Wie geht das Baummanagement mit dieser Situation um?

Mein Team besteht aktuell insgesamt aus sechs Baumkontrolleurinnen und -kontrolleuren, vier Ingenieurinnen und Ingenieuren und mir. Wir bekommen jedoch regelmäßig Unterstützung der Kolleg*innen des Fachbereichs Straßen sowie der Grünflächenunterhaltung und Planung des Fachbereichs Grünflächen. Aktuell stellt sich die Situation so dar, dass sämtliche zur Verfügung stehenden Mittel für die Aufrechterhaltung der Verkehrssicherheit verausgabt werden, sodass wenig Spielraum für Zukunftspläne existiert – leider. Baumpflanzungen sind kaum möglich, die Gelder reichen einfach nicht aus. Zudem sind die zur Verfügung gestellten Mittel seitens der Senatsverwaltung für Straßenbäume zuletzt deutlich angehoben worden, die der Grünanlagenbäume und Bäume auf sonstigen Flächen, wie beispielsweise die der Schulen, aber nicht. Bei 16.500 Straßenbäumen und rund 18.400 Grünanlagenbäumen sowie etwa 5.600 Bäumen auf Flächen anderer Träger spitzt das die Krise daher weiter zu.

Welttag des Baumes

Was bräuchten Sie, um die Bäume besser zu schützen?

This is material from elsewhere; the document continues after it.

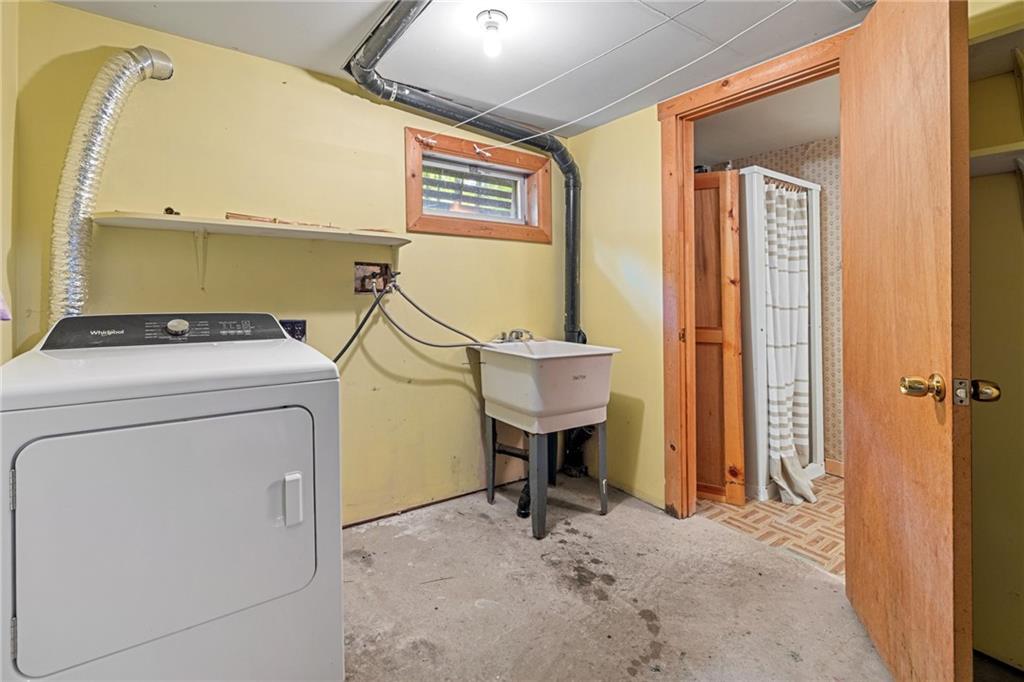1335 Alamae Lakes Road Washington, PA 15301 - Photo 40 of 50 a utility room with dryer and washer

Im Zuge der generellen Entwicklung der Infrastruktur bedarf es dringend einer größeren „grünen Lobby“ und Berücksichtigung der Belange der Bäume in den entsprechenden Gremien, Gesetzen, Verordnungen, DIN-Normen und Richtlinien.

Für den Querschnitt einer Straße gibt es „Mindestabstände“- für Autos, Fußverehr, Radverkehr, Leitungen zu Bäumen und so weiter. Die Bäume benötigen aber auch einen „Mindestabstand“ und Mindestraum, um überlebensfähig zu sein.

Auch das Verhalten von uns allen entscheidet wesentlich über den Gesundheitszustand unserer Bäume. Durch Hundeurin, Tausalze, Vandalismus und ständiges Überlaufen des Wurzelbereichs und die dadurch verursachte Verdichtung wird der Baum geschwächt.

Was können die Bürger*innen für die Bäume tun?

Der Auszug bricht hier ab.